Une fois reconnue l’interdépendance ontologique du sujet et de l’objet de l’observation, la conscience écologique nous invite, sur le plan éthique, à dire la vérité sur l’état de la planète et à agir comme si c’était vrai. En faisant ainsi advenir un autre monde possible, cette attitude performative neutralise la sorcellerie capitaliste selon laquelle ‘‘Il n’y a pas d’alternative’’ (TINA : ‘‘There Is No Alternative’’) et conjure les politiques de l’oxymore qui colonisent notre imaginaire".

Greta Thunberg opine et clôture :

"Vous trouverez le déroulé détaillé des 6 jours devant vous. Comme convenu avant votre arrivée, chacun.e interviendra, dans sa langue maternelle et sur un thème de son choix.

Une discussion ouverte s’en suivra. Des temps libres importants se prêteront aux rencontres informelles ou aux interactions bilatérales.

Vos séances de travail seront rapportées par un scribe particulier. Lors de leurs retranscriptions, la p.m.aternité de vos contributions sera attribuée à l’entité avec laquelle vous aurez cohabité pendant ces 6 jours.

Cette cohabitation illustre à travers quelles instances l’être se réalise. Je remercie déjà Hiver, Peau, Printemps et Air pour leurs interventions. Le mot de la fin pour ce soir revient à Terre".

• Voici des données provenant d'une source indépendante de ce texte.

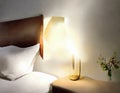 Watercolor of Scandinavian bedside lamp lighting up bedroom at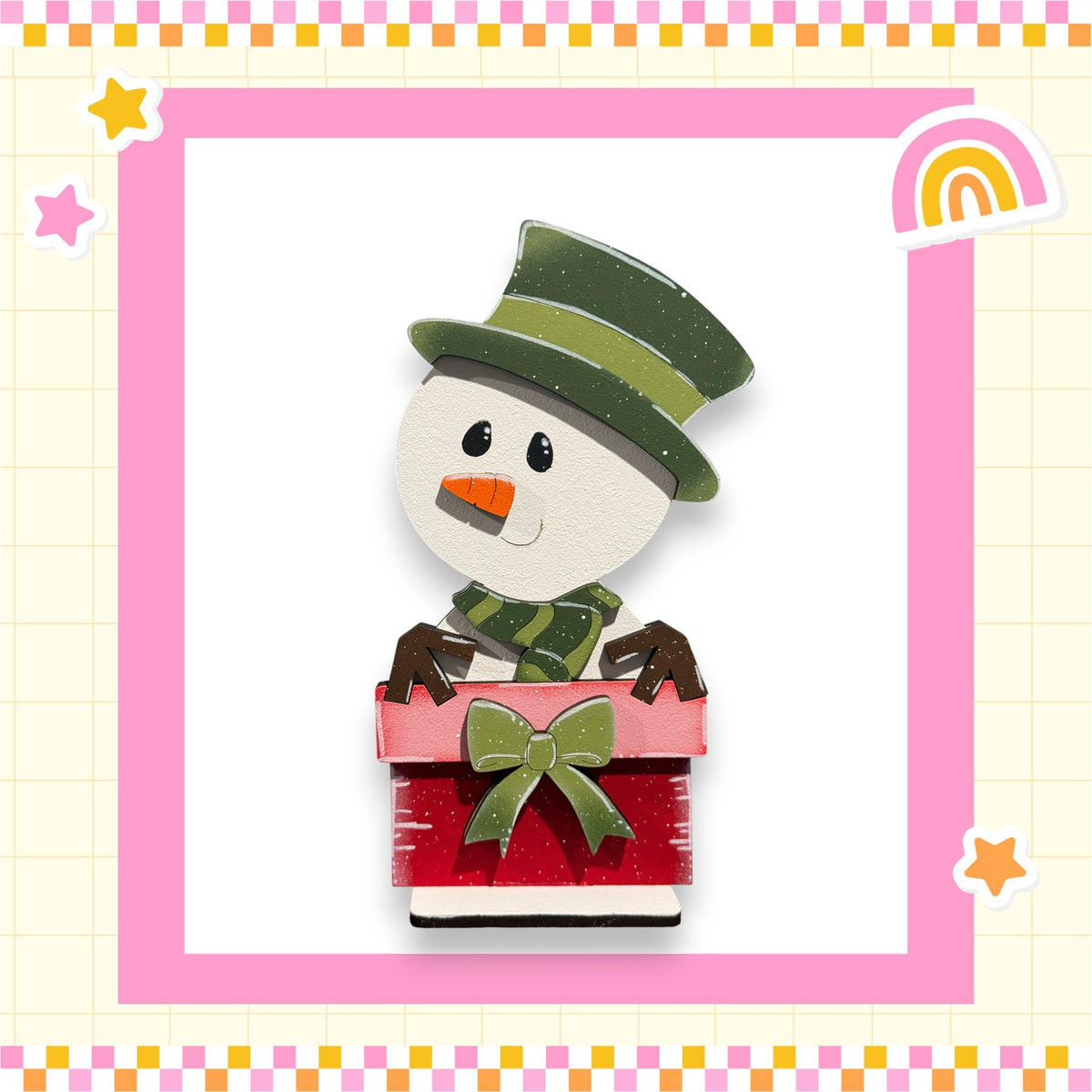 A cheerful snowman wearing a green hat and scarf, holding a red gift box with a green bow, is surrounded by a pink and yellow checkered border and stars.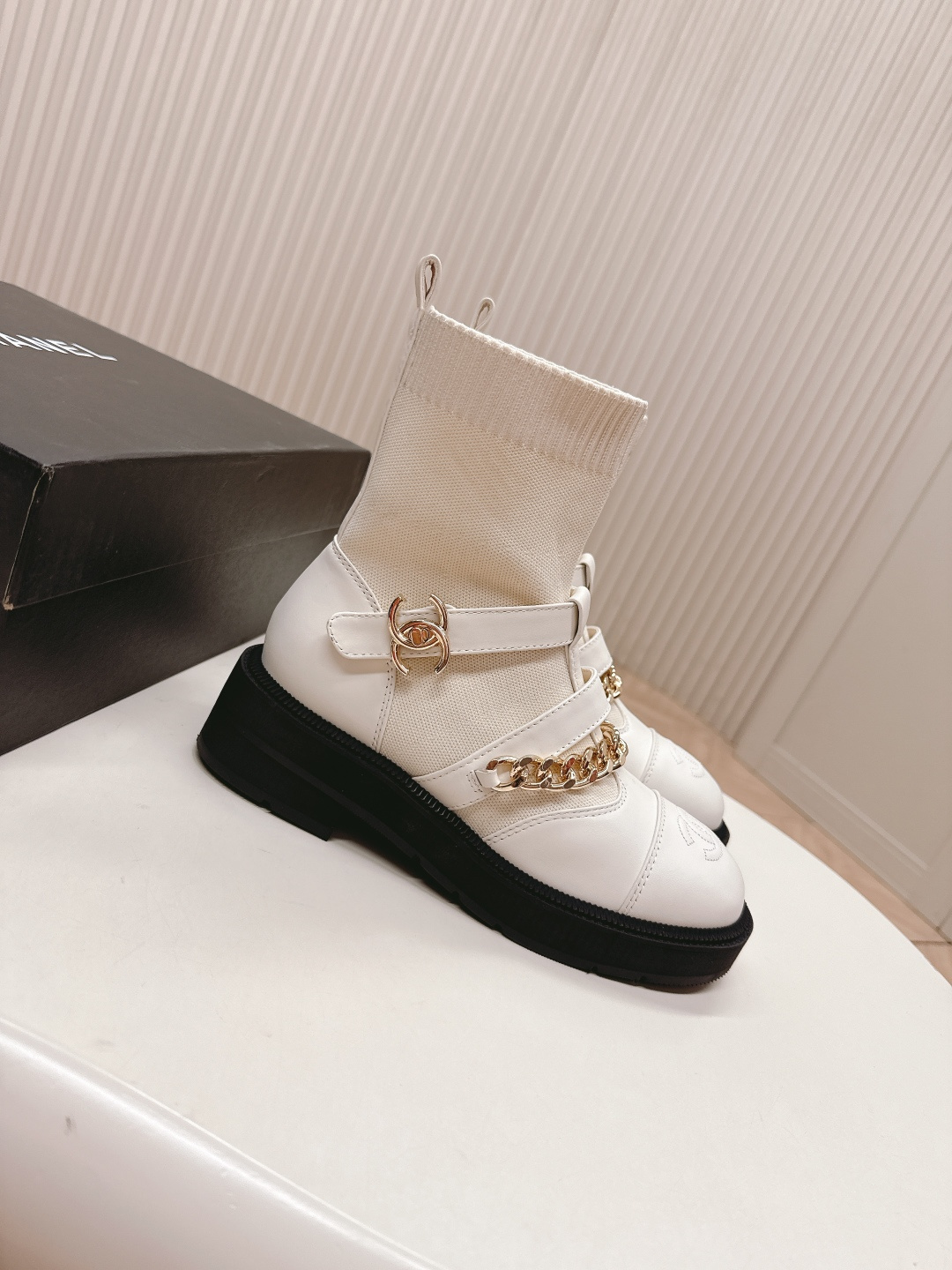 Pair of Chanel white leather sock ankle boots with gold chain and CC logo on a white table - Hình 3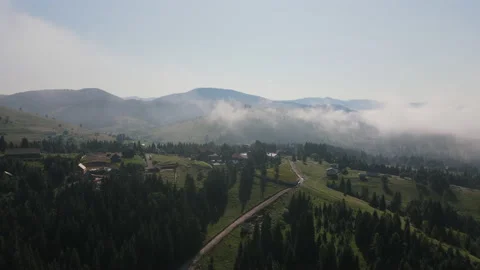 Epic cinematic drone shot clouds on sunny day, summer mountains and green forest Stock Footage 159679402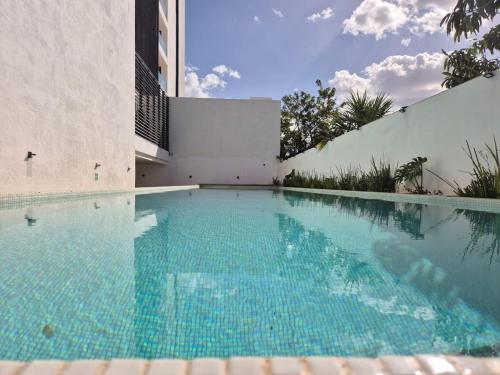 a swimming pool in front of a building at Otoch Departamento EN MÉRIDA in Mérida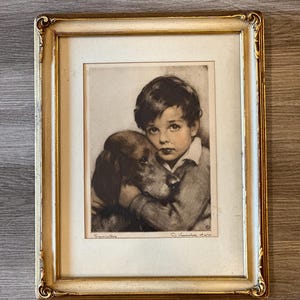 May include: Framed monochrome print of a child embracing a dog. The print is in a gold-coloured ornate frame. The child has dark hair and wears a sweater and collared shirt. The dog has long ears and is brown and black.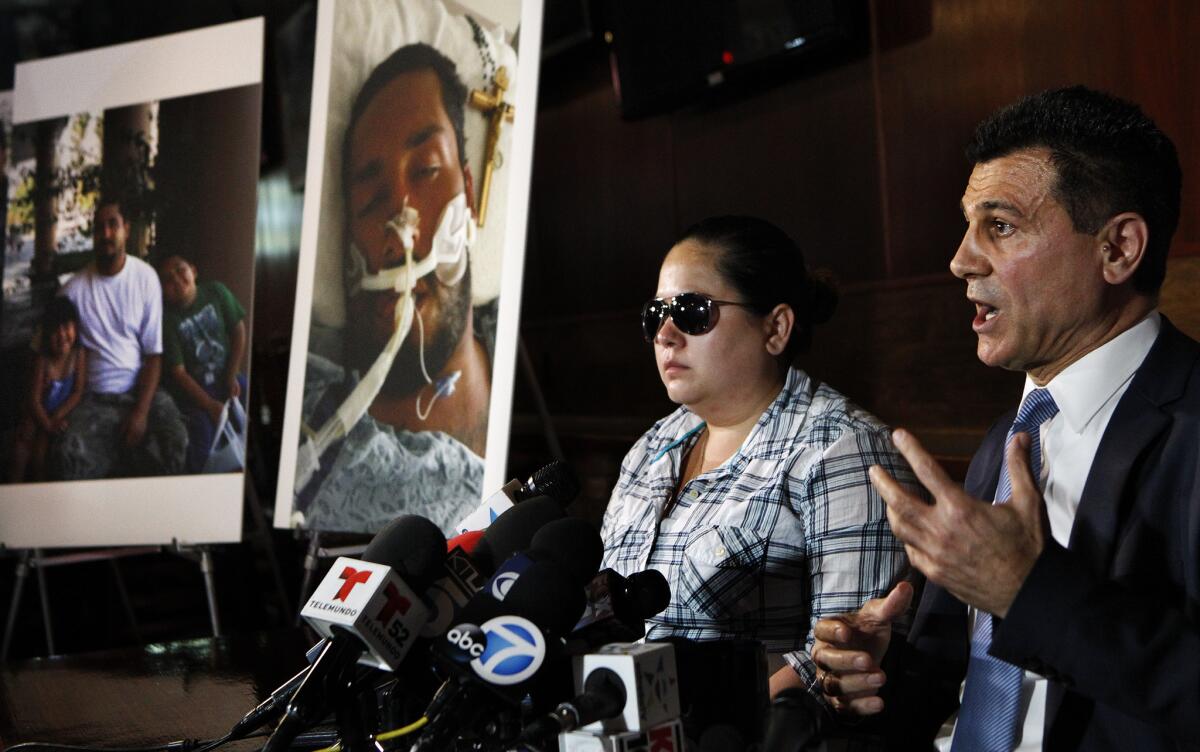 Fermin Vincent Valenzuela's ex wife, Patty Gonzales, and attorney Garo Mardirossian at a news conference at Mardirossian's law office in Los Angeles.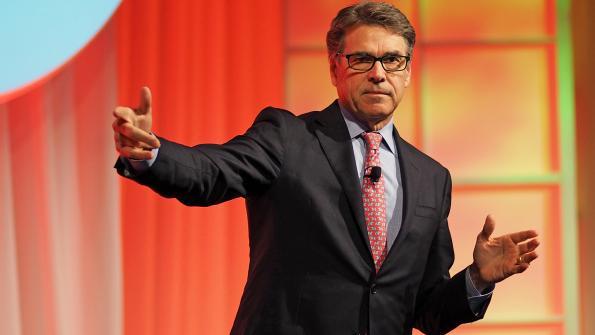 A photo of Rick Perry presenting at a recent Tri-Marq event.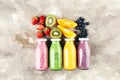 Smoothie variation. Healthy lifestyle concept. several bottles with fruit and berry juices smoothies or milkshakes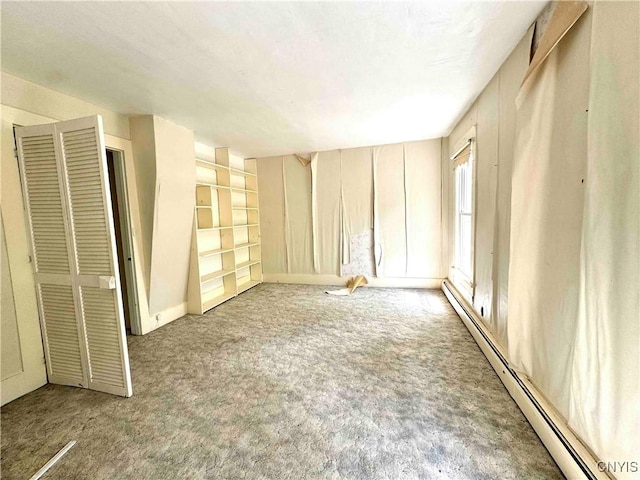 4 S St, Belfast, NY 14711 - unfurnished room featuring a baseboard heating unit and light carpet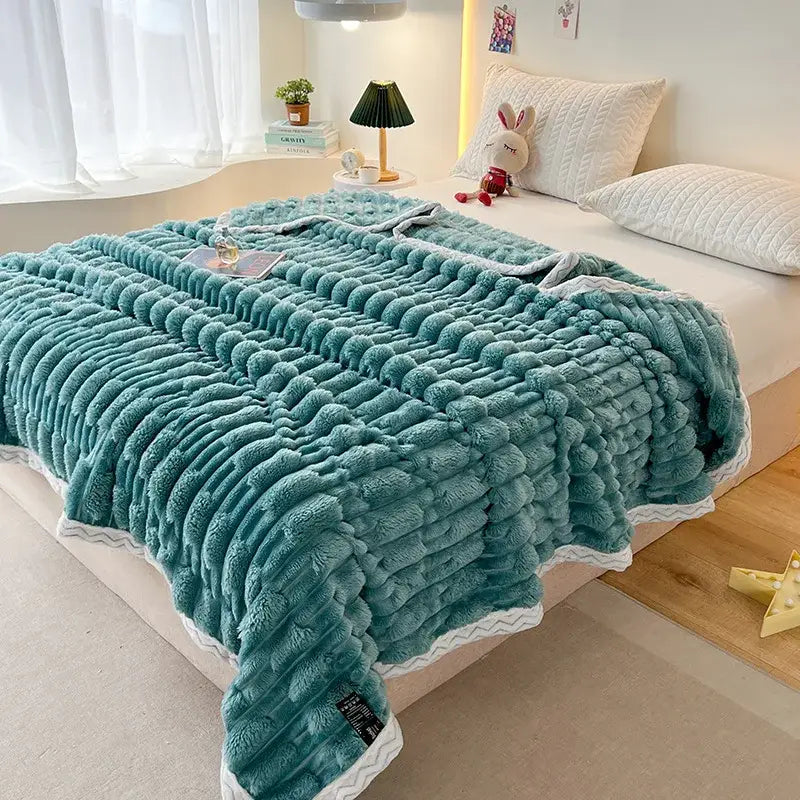 Teal plush throw blanket with textured surface and white zigzag trim made of bamboo velvet for bedroom use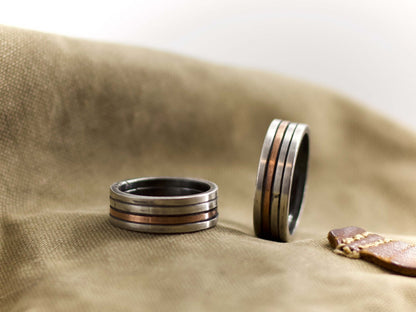 Anello a fascia artigianale uomo Glimoire in metallo con design a strisce su sfondo tessuto marrone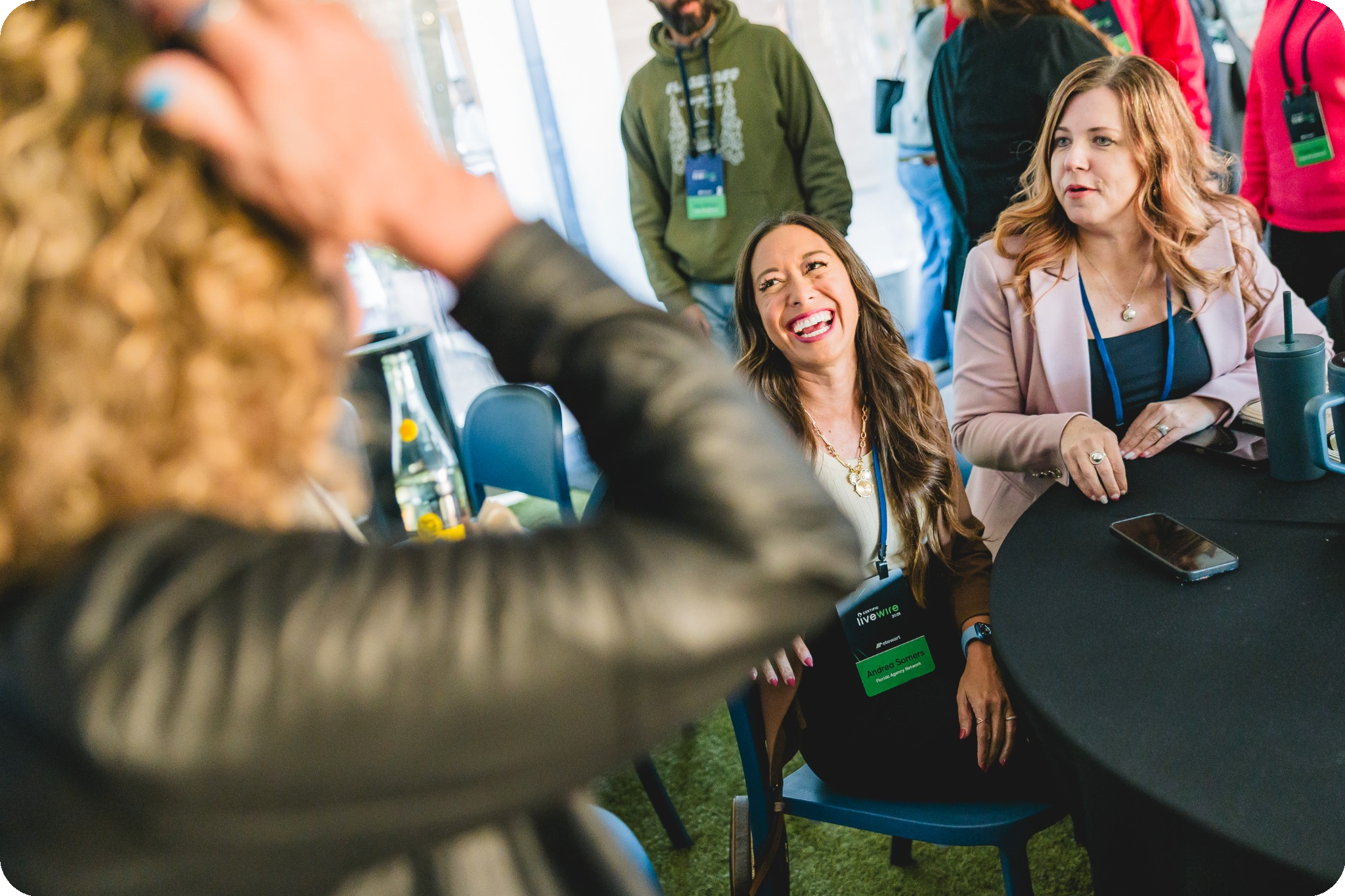 Three people are seated around a round table, laughing and engaging in conversation at LiveWire.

Éternel adolescent à l’œil malicieux et au sourire narquois, Terre rebondit :

"Je me réjouis que nous gardions les pieds sur terre, tout en étant connecté.e.s de manière réflexive à nos racines.

Telle est bien la question pour tenter de s’orienter en politique : où atterrir, lorsque les élites économiques mondialisées sont offshores après avoir siphonné toutes nos ressources, et que nos institutions étatiques nationales ne peuvent plus nous protéger des calamités ?

Comment le ‘‘projet de constitution terrestre’’ va-t-il succéder à la fin du compromis social-démocrate ‘‘sécurité des investissements contre paix sociale’’ conclu sur le dos de la ‘‘nature’’ et garanti par l’État social de marché ?

Première controverse à éclaircir : à qui le ‘‘projet de constitution terrestre’’ est-il destiné ? Et comment sera-t-il utilisé ? Deuxième problématique : sur quelles bases les participant.e.s ont-iels été convié.e.s ? Et qui a décliné votre invitation ?

J’ai l’habitude de récolter les réponses construites à l’issue de querelles courtoises. Loin de moi d’en faire un préalable procédurier. Je me réjouis déjà d’y apporter mes propres éléments. Au travail !".